Tuesday, August 19th, 2008

Home building fell sharply in July to a 17-year low, according to government readings released Tuesday that offered fresh signs that the battered real estate market has yet to hit bottom.

Housing starts plunged 11% to an annual rate of 965,000 from a revised 1.084 million pace in June, according to the Census Bureau report. Economists surveyed by Briefing.com had forecast starts would fall to a rate of 960,000.

Permits - often seen as a sign of builders’ confidence in the housing market - tumbled 17% to an annual rate of 937,000 from a revised 1.138 million in June. Economists had forecast that permits would come in at 959,000.

The sharp percentage drop from June was due partly to a jump in multi-family home starts and permits during that month. Single-family home starts and permits slipped only slightly from the June level.
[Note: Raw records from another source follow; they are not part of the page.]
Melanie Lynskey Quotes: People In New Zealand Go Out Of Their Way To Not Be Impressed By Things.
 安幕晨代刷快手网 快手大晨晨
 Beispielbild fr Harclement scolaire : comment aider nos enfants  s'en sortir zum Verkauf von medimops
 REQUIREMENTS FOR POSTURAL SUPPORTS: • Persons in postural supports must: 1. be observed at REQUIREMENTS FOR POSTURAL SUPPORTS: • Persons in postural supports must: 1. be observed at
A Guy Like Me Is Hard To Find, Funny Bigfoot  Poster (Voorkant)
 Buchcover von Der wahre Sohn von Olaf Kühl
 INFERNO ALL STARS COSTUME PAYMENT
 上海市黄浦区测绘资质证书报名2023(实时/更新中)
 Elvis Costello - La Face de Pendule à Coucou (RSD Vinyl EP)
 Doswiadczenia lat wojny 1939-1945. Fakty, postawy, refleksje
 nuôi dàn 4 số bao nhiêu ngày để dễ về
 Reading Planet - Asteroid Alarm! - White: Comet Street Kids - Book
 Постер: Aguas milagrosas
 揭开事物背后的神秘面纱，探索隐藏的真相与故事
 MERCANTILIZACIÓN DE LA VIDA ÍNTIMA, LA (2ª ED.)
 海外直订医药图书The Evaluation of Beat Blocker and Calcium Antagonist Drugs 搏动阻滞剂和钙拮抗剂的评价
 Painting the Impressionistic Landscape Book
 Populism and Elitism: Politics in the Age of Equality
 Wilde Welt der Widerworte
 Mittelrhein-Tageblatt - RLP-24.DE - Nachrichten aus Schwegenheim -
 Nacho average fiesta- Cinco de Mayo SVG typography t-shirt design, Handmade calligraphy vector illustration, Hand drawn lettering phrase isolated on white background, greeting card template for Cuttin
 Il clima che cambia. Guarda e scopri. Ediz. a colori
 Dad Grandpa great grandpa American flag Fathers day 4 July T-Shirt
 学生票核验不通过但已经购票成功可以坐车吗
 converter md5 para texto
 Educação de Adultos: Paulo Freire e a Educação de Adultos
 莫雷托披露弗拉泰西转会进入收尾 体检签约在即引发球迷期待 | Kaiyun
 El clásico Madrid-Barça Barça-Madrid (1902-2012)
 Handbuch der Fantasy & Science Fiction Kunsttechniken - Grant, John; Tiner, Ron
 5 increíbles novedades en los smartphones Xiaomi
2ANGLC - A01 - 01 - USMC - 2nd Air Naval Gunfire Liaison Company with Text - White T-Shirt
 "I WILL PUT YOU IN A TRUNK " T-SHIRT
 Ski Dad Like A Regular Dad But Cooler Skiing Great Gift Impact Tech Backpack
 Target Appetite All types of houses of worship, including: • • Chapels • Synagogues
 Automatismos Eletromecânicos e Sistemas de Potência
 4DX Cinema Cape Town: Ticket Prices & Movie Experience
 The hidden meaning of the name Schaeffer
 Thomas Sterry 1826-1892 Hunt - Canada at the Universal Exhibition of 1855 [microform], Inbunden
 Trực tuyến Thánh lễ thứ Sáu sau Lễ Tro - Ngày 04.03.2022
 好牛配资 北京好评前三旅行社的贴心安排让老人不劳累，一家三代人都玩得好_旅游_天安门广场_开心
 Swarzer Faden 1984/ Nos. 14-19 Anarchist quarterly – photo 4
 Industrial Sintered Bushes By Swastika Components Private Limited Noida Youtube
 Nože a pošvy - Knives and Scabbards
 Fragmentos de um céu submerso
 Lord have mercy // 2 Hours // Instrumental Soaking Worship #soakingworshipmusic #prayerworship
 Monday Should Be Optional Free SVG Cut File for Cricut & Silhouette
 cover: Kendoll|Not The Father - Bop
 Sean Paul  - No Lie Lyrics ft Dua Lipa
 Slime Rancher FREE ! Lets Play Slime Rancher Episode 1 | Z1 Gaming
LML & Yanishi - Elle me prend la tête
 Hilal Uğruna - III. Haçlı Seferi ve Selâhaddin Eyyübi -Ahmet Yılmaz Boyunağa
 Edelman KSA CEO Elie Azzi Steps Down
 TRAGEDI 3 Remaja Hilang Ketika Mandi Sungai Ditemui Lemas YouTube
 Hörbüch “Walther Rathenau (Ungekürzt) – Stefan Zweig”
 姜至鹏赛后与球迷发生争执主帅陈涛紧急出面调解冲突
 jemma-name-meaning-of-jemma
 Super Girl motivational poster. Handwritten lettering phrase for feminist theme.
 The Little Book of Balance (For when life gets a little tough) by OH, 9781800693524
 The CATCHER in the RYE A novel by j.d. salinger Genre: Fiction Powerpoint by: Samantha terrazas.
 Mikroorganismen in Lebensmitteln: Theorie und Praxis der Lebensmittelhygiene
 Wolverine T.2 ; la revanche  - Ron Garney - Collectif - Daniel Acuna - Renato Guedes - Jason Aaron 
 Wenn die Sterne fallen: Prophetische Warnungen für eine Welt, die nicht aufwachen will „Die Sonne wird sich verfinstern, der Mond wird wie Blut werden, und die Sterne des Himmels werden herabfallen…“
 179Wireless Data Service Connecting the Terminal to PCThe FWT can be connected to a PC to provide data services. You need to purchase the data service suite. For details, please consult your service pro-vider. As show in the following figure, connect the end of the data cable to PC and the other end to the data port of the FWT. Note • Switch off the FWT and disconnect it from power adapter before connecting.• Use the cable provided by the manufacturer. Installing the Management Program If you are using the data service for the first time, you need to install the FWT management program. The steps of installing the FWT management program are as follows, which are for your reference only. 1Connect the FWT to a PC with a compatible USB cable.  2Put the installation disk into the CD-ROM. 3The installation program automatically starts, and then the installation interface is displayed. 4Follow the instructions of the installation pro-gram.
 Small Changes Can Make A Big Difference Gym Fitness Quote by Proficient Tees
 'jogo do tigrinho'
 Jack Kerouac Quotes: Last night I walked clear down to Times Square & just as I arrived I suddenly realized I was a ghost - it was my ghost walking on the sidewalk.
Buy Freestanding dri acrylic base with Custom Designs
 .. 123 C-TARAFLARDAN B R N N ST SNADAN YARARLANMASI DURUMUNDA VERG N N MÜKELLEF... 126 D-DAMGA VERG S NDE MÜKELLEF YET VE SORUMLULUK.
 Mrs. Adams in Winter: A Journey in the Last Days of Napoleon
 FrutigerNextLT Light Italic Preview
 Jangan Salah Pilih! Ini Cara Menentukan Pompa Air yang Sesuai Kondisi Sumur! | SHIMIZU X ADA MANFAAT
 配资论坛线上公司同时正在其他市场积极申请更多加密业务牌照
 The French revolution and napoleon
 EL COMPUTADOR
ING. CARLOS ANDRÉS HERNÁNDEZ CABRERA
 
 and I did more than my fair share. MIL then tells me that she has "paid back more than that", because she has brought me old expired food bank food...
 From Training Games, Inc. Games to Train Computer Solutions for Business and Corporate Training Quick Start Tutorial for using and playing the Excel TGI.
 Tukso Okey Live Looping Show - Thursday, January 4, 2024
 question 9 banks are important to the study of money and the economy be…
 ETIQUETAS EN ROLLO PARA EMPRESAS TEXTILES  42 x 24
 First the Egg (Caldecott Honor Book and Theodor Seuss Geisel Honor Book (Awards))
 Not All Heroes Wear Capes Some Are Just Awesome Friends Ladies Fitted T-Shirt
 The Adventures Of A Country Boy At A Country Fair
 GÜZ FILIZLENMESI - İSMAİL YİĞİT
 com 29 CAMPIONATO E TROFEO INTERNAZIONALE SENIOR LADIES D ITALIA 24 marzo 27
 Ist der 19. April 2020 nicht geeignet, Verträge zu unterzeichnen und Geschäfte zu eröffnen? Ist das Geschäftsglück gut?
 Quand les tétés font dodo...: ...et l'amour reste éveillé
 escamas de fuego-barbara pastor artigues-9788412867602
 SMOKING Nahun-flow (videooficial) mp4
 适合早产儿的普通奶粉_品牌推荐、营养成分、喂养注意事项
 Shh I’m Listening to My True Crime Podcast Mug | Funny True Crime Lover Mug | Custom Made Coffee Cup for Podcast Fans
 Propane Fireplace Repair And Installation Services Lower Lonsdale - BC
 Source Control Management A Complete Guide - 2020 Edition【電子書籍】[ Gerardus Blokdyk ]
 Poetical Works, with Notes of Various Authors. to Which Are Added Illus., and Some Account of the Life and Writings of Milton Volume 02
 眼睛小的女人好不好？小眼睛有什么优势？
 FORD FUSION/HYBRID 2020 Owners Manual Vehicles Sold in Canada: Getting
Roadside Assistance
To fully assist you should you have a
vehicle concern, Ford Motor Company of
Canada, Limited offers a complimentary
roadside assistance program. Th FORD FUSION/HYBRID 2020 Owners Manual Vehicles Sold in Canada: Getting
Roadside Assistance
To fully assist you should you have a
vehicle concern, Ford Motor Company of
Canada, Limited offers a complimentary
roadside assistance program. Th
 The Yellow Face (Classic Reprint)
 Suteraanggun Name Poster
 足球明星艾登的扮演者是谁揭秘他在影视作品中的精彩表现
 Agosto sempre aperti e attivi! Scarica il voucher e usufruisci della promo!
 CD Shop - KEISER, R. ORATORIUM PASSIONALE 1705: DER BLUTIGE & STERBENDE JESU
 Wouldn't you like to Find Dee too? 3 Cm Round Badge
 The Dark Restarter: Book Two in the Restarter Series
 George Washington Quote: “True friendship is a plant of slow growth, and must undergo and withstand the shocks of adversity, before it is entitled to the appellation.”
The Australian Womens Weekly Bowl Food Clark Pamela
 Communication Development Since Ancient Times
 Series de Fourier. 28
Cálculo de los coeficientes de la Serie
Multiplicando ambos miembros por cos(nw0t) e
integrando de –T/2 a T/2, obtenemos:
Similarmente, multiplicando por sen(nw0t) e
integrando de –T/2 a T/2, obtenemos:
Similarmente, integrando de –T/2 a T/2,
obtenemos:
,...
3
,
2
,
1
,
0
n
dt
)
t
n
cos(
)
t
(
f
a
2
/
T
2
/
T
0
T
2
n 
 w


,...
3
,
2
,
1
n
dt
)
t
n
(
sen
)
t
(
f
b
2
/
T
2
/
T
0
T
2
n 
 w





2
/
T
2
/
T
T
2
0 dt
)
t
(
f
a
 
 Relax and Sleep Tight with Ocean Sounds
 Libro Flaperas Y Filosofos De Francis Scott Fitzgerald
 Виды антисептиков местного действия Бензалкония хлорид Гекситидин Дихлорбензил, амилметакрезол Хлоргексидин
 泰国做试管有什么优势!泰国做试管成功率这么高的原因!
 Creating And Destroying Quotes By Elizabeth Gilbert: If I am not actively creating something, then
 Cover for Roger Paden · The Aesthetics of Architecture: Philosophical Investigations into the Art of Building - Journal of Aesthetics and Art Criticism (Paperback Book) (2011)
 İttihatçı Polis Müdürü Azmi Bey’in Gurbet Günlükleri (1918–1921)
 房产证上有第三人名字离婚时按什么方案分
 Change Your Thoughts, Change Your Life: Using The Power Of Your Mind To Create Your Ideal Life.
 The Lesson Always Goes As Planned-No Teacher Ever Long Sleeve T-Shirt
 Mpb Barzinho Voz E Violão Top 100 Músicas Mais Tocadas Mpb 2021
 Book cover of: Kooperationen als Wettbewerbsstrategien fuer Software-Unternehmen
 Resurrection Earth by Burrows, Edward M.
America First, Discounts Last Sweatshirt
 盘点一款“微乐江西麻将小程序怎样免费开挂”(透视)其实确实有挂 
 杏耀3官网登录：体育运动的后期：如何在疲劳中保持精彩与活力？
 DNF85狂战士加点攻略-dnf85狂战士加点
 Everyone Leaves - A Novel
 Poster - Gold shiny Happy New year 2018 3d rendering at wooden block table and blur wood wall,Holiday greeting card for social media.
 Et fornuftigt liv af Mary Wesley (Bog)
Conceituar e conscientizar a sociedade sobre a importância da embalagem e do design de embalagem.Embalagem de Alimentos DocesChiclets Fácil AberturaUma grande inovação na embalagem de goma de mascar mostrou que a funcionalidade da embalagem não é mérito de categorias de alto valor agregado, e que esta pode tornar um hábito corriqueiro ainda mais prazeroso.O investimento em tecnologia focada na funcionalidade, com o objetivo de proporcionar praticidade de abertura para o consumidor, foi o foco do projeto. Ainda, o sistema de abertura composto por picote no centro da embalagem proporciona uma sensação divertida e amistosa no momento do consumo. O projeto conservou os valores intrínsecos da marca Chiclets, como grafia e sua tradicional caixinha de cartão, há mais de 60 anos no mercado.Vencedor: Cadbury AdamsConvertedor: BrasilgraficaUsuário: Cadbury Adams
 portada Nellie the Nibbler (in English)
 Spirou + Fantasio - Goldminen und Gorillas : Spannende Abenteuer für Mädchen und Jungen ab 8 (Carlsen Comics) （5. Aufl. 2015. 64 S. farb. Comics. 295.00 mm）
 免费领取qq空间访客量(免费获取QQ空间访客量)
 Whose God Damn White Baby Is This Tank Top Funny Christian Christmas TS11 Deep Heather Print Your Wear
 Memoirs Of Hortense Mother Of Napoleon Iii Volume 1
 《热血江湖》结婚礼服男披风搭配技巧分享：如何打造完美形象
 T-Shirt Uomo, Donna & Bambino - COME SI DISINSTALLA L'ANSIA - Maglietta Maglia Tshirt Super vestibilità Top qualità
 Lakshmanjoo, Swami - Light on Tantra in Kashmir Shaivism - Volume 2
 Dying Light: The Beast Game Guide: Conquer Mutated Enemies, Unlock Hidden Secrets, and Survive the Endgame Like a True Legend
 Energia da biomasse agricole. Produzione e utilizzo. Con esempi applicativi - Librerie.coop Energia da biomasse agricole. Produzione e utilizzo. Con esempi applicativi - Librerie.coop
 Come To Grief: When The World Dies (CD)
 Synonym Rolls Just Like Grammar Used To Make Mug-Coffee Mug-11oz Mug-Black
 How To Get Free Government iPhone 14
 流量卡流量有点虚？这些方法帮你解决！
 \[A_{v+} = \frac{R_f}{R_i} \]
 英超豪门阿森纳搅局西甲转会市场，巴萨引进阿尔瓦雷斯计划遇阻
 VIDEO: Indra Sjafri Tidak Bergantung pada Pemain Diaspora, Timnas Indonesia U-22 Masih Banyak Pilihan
But the single-family starts were also at a 17-year low in July, while single-family permits fell to a level not seen since the 1982 recession, reaching a rate of only 584,000 homes in July.

The sharp fall in building activity suggests that home building will continue to be a drag on the economy in the second half of 2008. Earlier this year, many economists hoped that building activity would bottom out this summer and start to show signs of improvement.

In the second quarter, the drop in home building took 0.6 percentage points off gross domestic product, the broad measure of the nation’s economic activity. It marked the 10th straight quarter that home building has been a drag on GDP.

But the continued drop in building could be just what the battered real estate market needs. One of the biggest problem for sellers is a glut of unsold homes on the market. Since demand for homes remains weak, the glut will only ease if fewer new homes are built.

In June, builders faced a median wait of 8.4 months to sell a completed home, the longest delay in selling time in 25 years, according to a separate Census Bureau report issued recently.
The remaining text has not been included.